Lord Wintoun, who had refused to plead guilty, was not brought to trial till the 15th of March. He was considered of unsound mind, and at times little better than idiotic; yet he certainly showed more address than any of his noble accomplices. He demanded time for collecting his evidence, and thus contrived to delay his trial. There was so clear a case against him that this, probably, made the government more tolerant of these delays. When called upon to plead, he still urged the absence of witnesses, and that it was very bad weather for travelling. The high steward, lord Cowper, at length would admit of no further demurs; on which Wintoun said, "I hope your lordships will do me justice, and not make use of Cowper-law, as we used to say in our country - hang a man first, and then judge him after." He entreated to be heard by counsel; and this being refused, he said, "Since your lordships will not allow me counsel, I don't know nothing!" He was found guilty; but he had gained more time than his accomplices, and finally managed to escape from the Tower.

In April the inferior prisoners were tried in the Common Pleas. Forster, brigadier Macintosh, and twenty of their accomplices were condemned; but both Forster and Macintosh, and some of the others, managed, like Wintoun, to escape; so that, of all the crowds of prisoners, only twenty- two in Lancashire and four in London were hanged. Bills of attainder were passed against the lords Tullibardine, Mar, and many others who were at large. Above a thousand submitted to the king's mercy, and petitioned to be transported to America. As the estate of Derwentwater devolved to a great charity, so did that of Forster. It was purchased of the crown by lord Crewe, bishop of Durham, who had married Forster's aunt, and who bequeathed the castle and manor of Bamborough to unrestricted charitable purposes - one of these being properly considered by the trustees the rescue and assistance of sufferers by wreck on that iron- bound and stormy coast.

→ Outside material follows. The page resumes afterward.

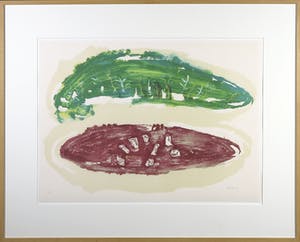 Rob Birza - Litho, Zonder titel - Ingelijst (Groot) kopen? Bied vanaf 1!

But although, on the whole, the insurgents taken in the act had been dealt with more leniently than they had a right to expect, yet the ministers showed a strong spirit of resentment against them, especially as catholics. Lord chancellor Cowper, in passing sentence on those condemned, advised them to choose other spiritual guides in their last moments; and no sooner were these disposed of, than the ministers resorted to the old system of attacks and coercions of the catholics under the idea of strengthening the throne. The pretender being an unbendable catholic, his exclusion from the throne being on anticatholic grounds, and his late supporters in the Highlands and elsewhere being chiefly catholics, it was deemed necessary anew to protect the crown against catholic machinations. On the 1st of March Lech- mere moved to bring in a bill to strengthen the protestant interest by enforcing the laws already in existence against papists. The bill was passed without any opposition, and one of the clauses was to punish exemplarily any papists who should dare to enlist themselves in his majesty's service!

But it was not enough to secure the throne by rejecting the services of catholics; the whigs were anxious to add fresh security to their own lease of office. At the last election they had procured the return of a powerful majority; but two years out of the triennial term had expired, and they looked with apprehension to the end of the next year, when a dissolution must take place, They were aware that there were still strong plottings and secret agitations for the restoration of the banished dynasty. By both the king and his ministers all tories were regarded as Jacobites, and it was resolved to keep them out of office, and, as much as possible, out of parliament. They had the power in their own hands in this parliament, and, in order to keep it, they did not hesitate to destroy that triennial act for which their own party had claimed so much credit in 1694, and substitute a septennial act in its place. They would thereby give to their own party in parliament more than a double term of the present legal possession of their seats. Instead of one year they would be able to look forward four years without any fear of tory increase of power through a new election. It would be a singular spectacle now-a-days to see the whigs exerting themselves to lengthen the duration of parliament, and tories zealously arguing for a greater limitation, as necessary for the independence of the subject; such, however, are the anomalies produced by the possession or non-possession of power. Had the tories been in, they would undoubtedly have willingly resorted to the same measure for the same object; but the whigs being in, they were induced, for self-security, to become the suicides of one of their own most popular acts, the Triennial Bill of 1694.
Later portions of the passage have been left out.